From the line containing "14k Rose Gold" through the last line of the material, copy every line exactly, both ends inclusive; do not copy pictures.

• **Material provided**:
--*--
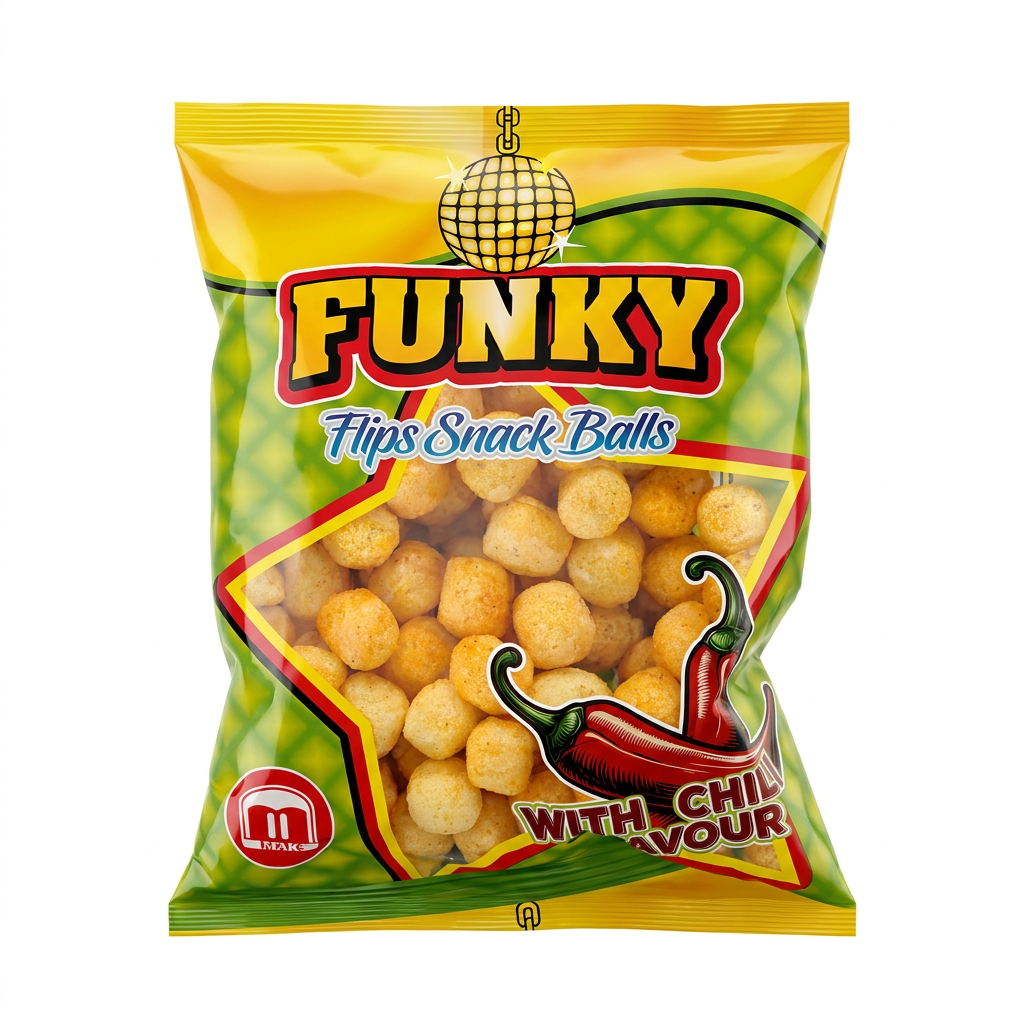 Snacks, Funkyt Balls, Chili-Geschmack, Mais-Snacks, Hefebälle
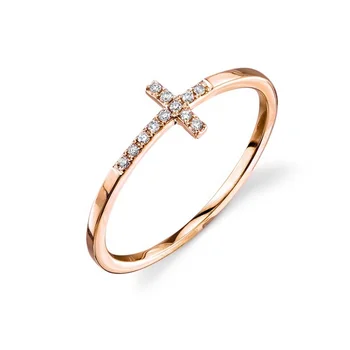 14k Rose Gold Jewelry Wholesale Cz Micro Pave Eternity Antique Cross Ring - Buy Antique Cross ...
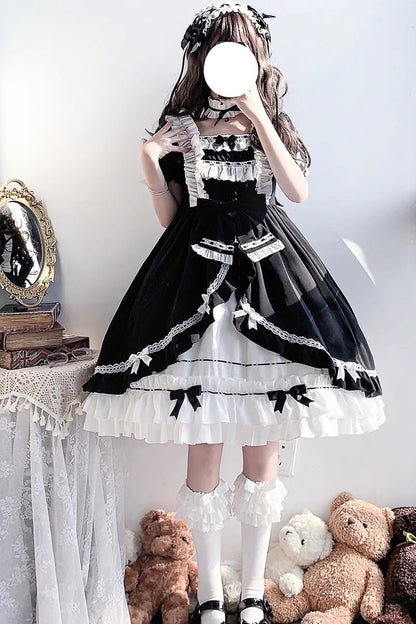 Gothic Lolita Dress - White/black Hime Sleeves, 2 Colors, Detachable Detail, Ruffled - additional product view 13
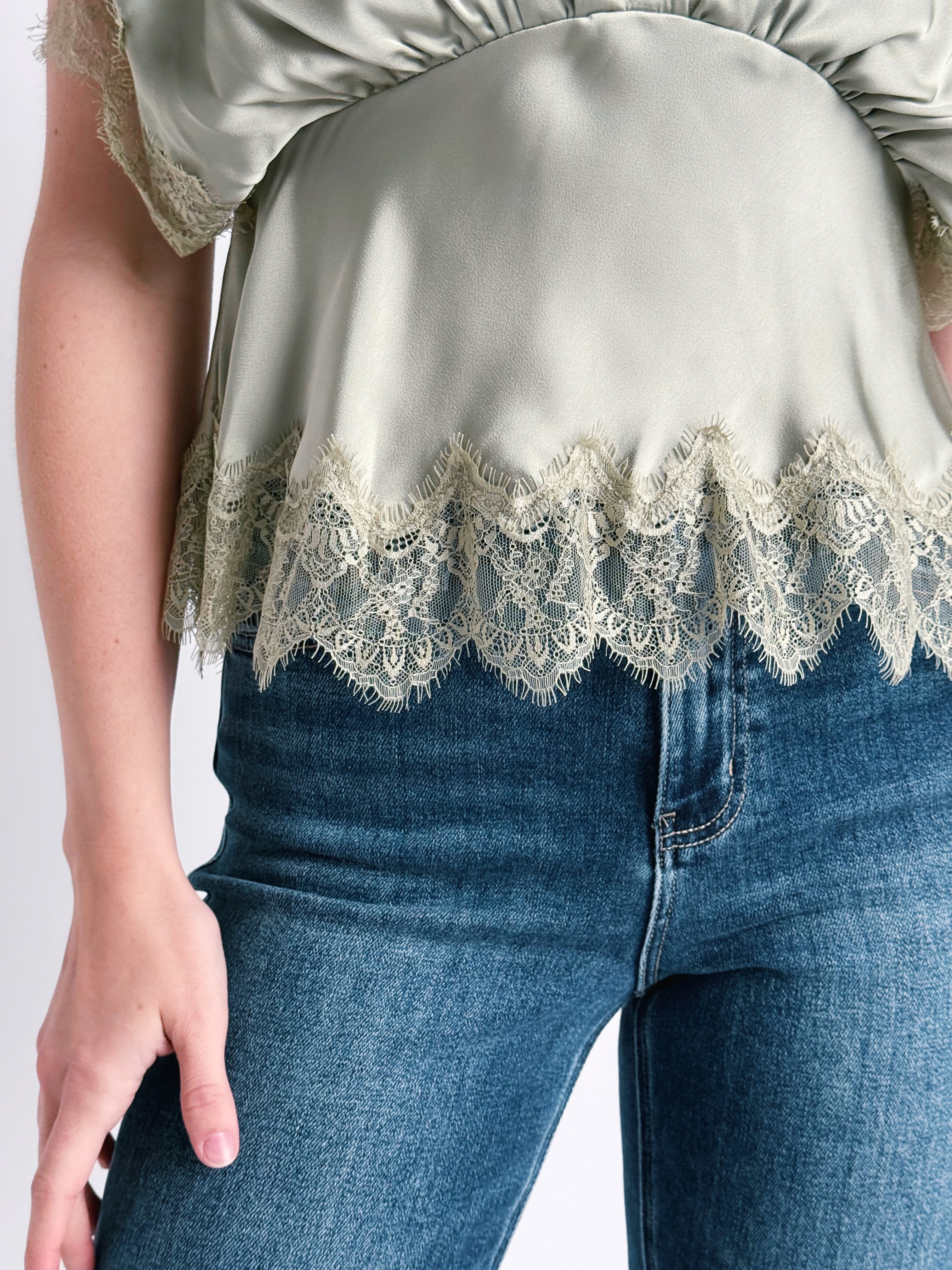 Edie Satin Blouse - SAGE - willows clothing BLOUSE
--*--
• **Reply to the task**:
 14k Rose Gold Jewelry Wholesale Cz Micro Pave Eternity Antique Cross Ring - Buy Antique Cross ...
 Gothic Lolita Dress - White/black Hime Sleeves, 2 Colors, Detachable Detail, Ruffled - additional product view 13
 Edie Satin Blouse - SAGE - willows clothing BLOUSE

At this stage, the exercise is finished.